Alle wurden in der Besetzung Misha Mengelberg (p), Ab Baars, Michael Moore und Tobias Delius (reeds), Mary Oliver (vio, viola), Ernst Glerum (b), Tristan Honsinger (cello), Thomas Heberer (tp), Wolter Wierbos (tb) und Han Bennink (dm) absolviert. Unter dem Titel "De Zeurpiet/No Idea" (2012) erschien im Rahmen einer Ausstellung über Kunstwerke von Han Bennink in einem holländischen Museum eine labellose CD mit zwei Stücken des ICP Orchestras.
"East Of The Sun" (ICP, 2014) war die erste Aufnahme des Orchesters ohne Mitgründer Misha Mengelberg, der sich aus gesundheitlichen Gründen von der Konzertbühne zurückgezogen hatte.
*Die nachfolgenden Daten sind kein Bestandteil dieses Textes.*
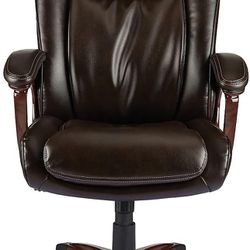 WESTCLIFF BONDED LEATHER MANAGERS CHAIR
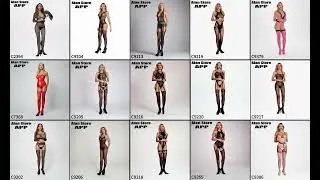 Alan Store B2B Raccolta di video di AlanSpicy intimo a rete sexy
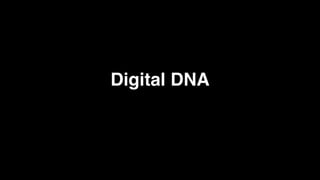 Digital DNA
 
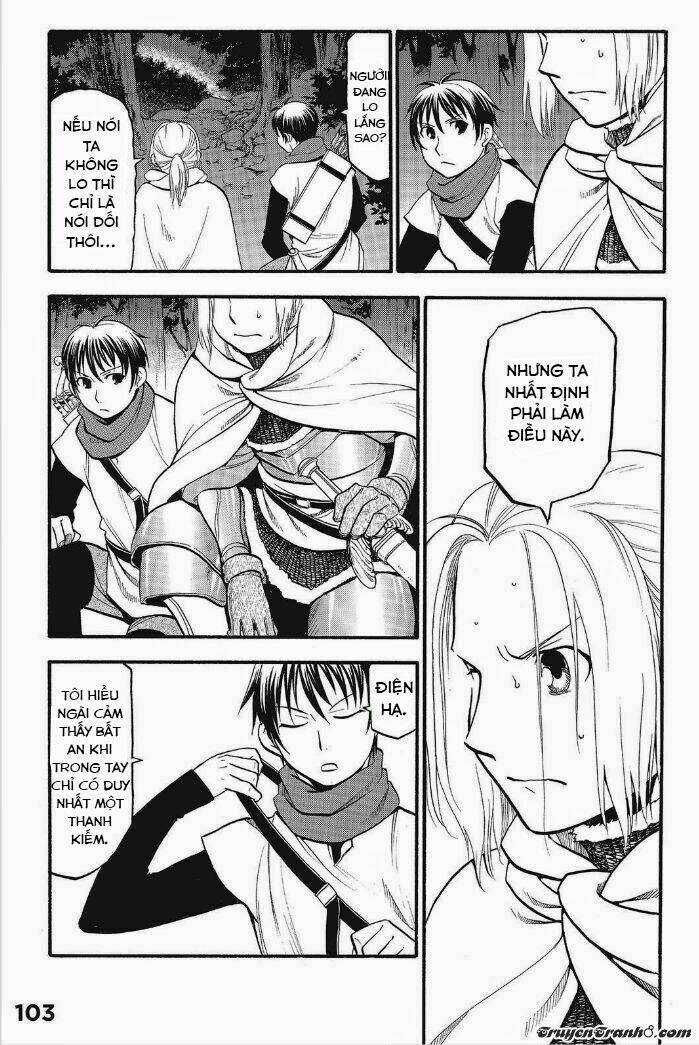 arslan chiến ký chapter 13 16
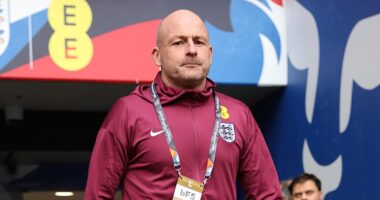 England vs Ireland - Nations League: Live score, team news and updates as Lee Carsley leads the Three Lions out one last time before the Tuchel reign begins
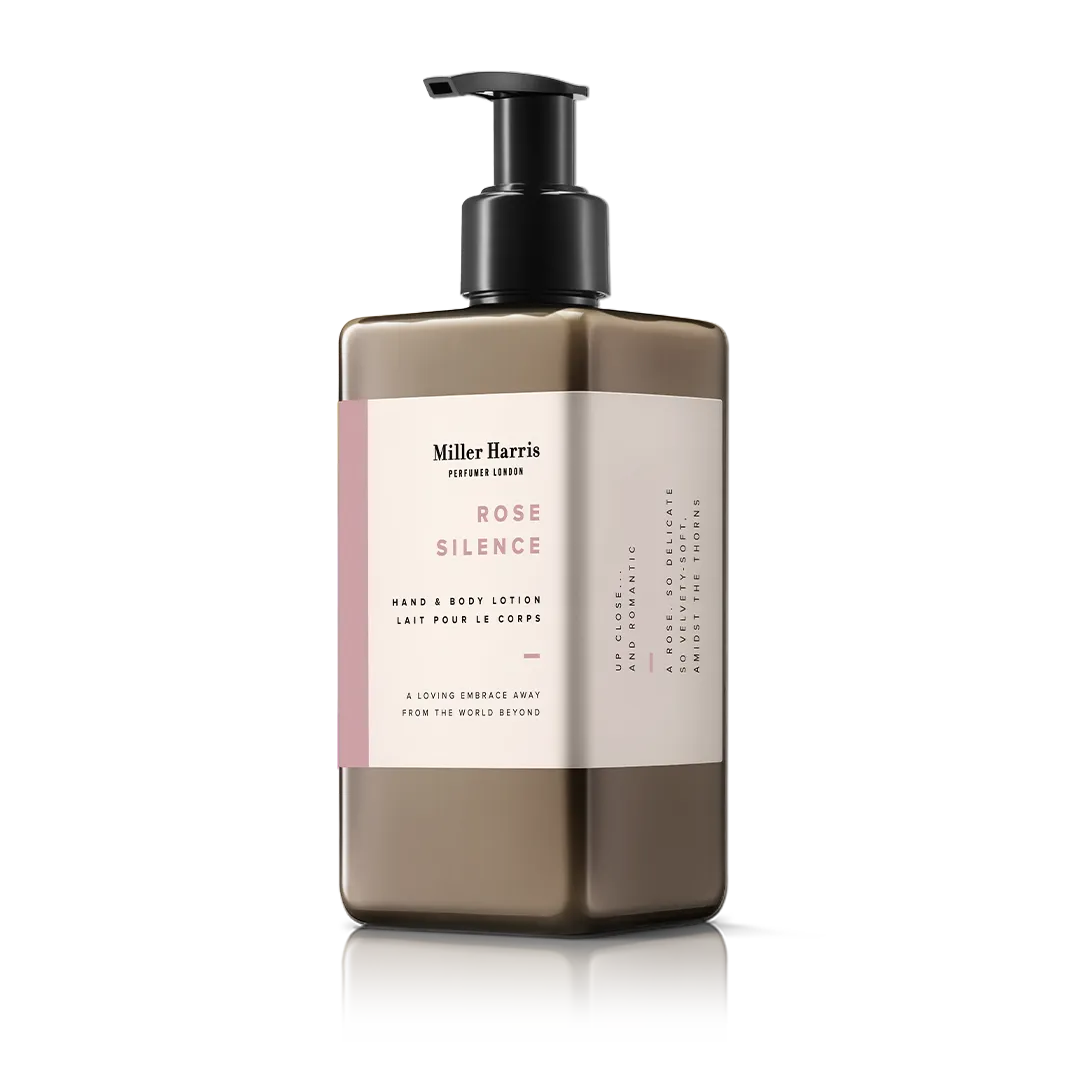 Miller Harris Rose Silence bodylotion 300 ml ros appellant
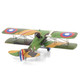 The SPAD S.XIII WWI Aircraft Metal Earth 3D Model Kit ME1024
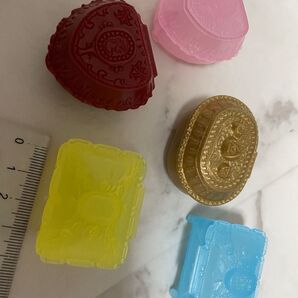 宝箱 ミニ小物入れ おままごとに ごっこ遊びに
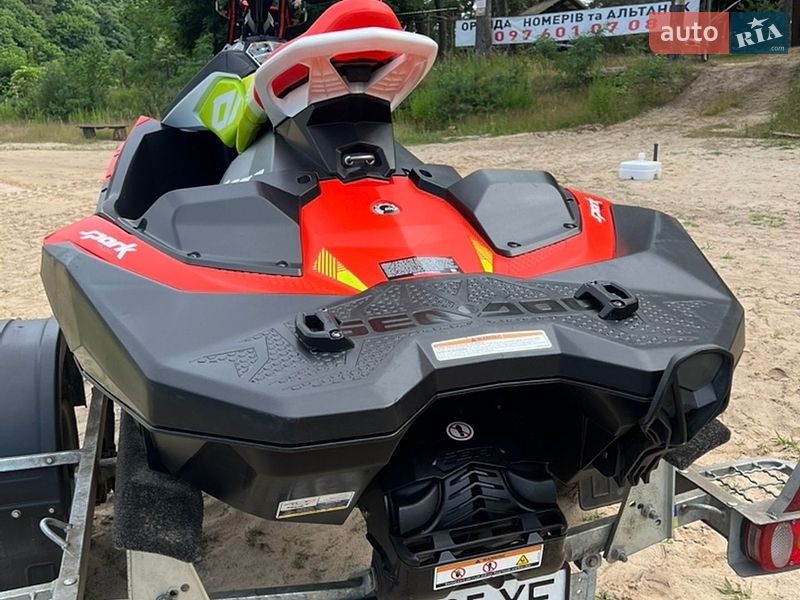 Гідроцикл спортивний BRP Spark 2020 в Житомирі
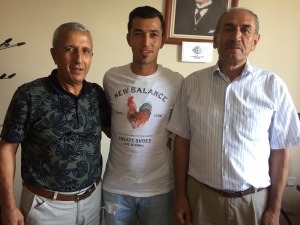 Kayseri Yolspor’da İki Transfer Birden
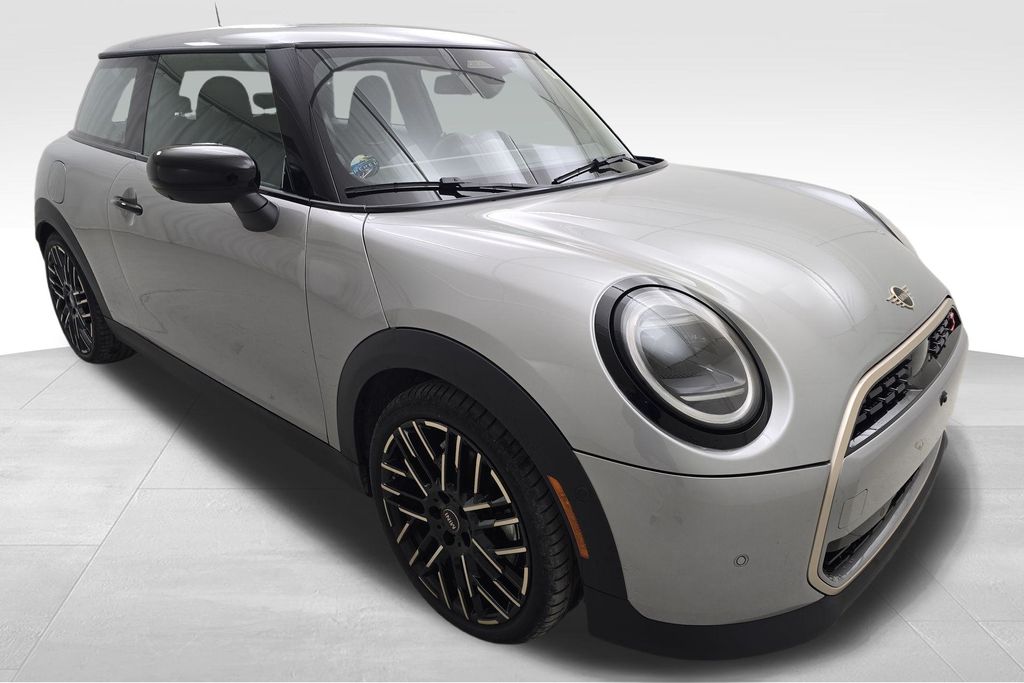 Used 2025 MINI Hardtop 2 Door S with VIN WMW23GD02S2W29573 for sale in Pittsburgh, PA
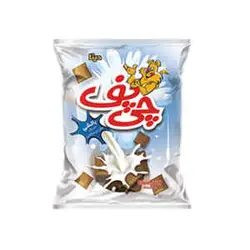 بالشتی شکلاتی کوچک چی پف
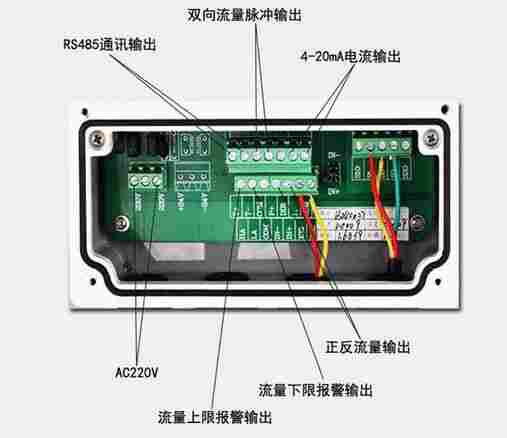 矿井地下水流量计厂家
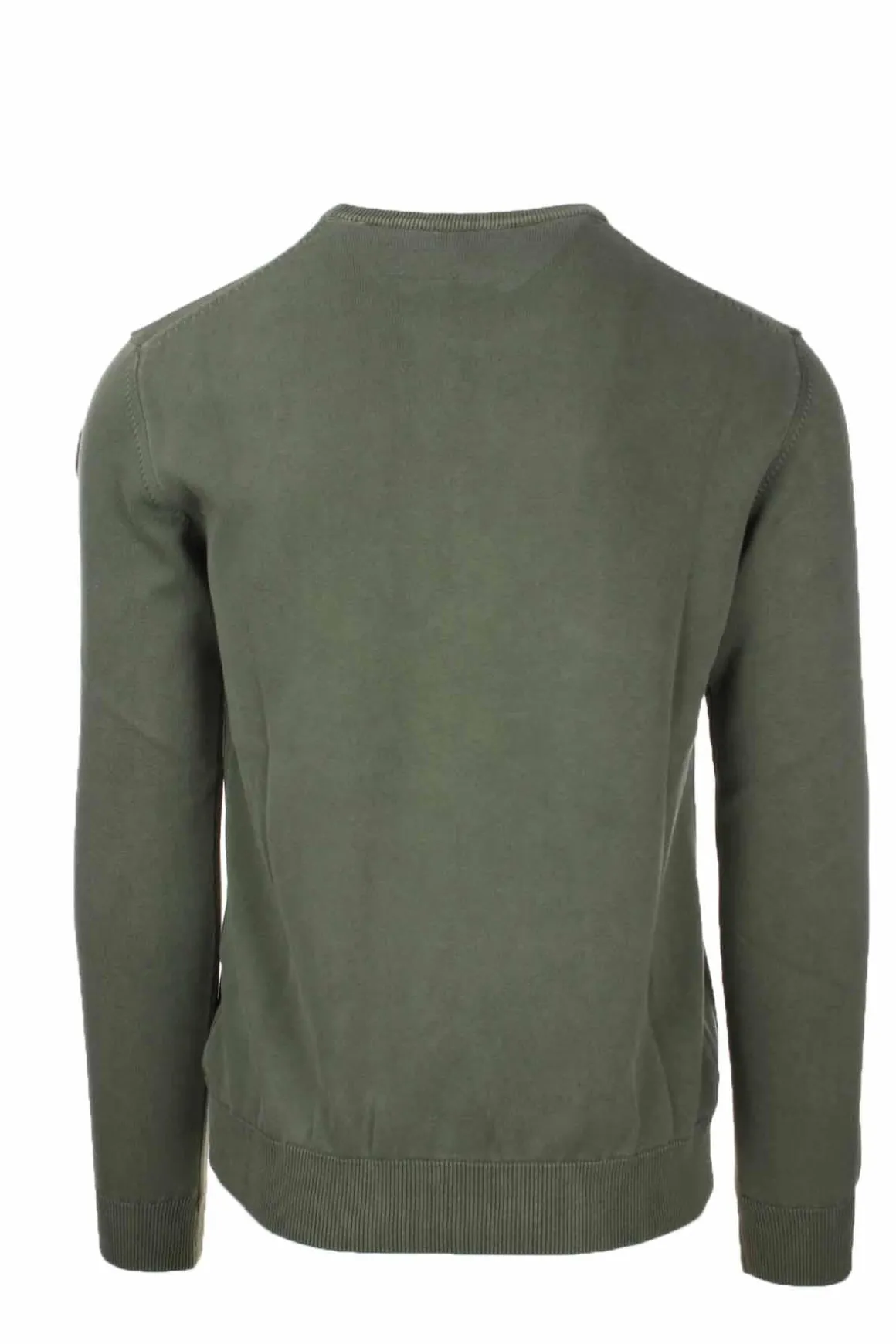 Maglia pullover in cotone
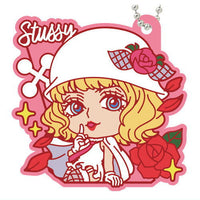 ONE PIECE Rubber mascot gummy Part.2 [4.Stussy]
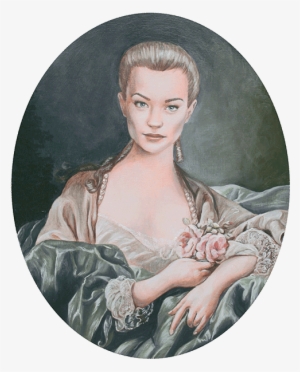 Madame De Pompadour Art #222090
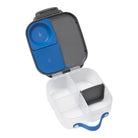 Mini lunchbox B.box – kompaktowy, szczelny i idealny na drugie śniadanie, kolor: szary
Danach folgten die CD/DVD "Misha Enzovoort" (ICP, 2015) mit Liveaufnahmen von einem Konzert am 2. Februar 2013 im "Vortex" in London und die CD "Restless In Pieces" (ICP, 2016).
Ab 2019 erschienen in DL-Form mehrere Livemitschnitte, die Auftritte des Orchesters von 1984 und 2015 dokumentierten. Nicht in diese Reihe gehörte "De Hondemepper" (ICP, 2020). Sie zeigt das Orchestra 2018 live zusammen mit dem Ensemble Nieuw Amsterdams Peil. Ältere, grösstenteils bis damals unveröffentlichte Aufnahmen wurden auf der Doppel-CD "Incipient ICP (1966-71)" (Corbett vs. Dempsey, 2021) zusammengefasst.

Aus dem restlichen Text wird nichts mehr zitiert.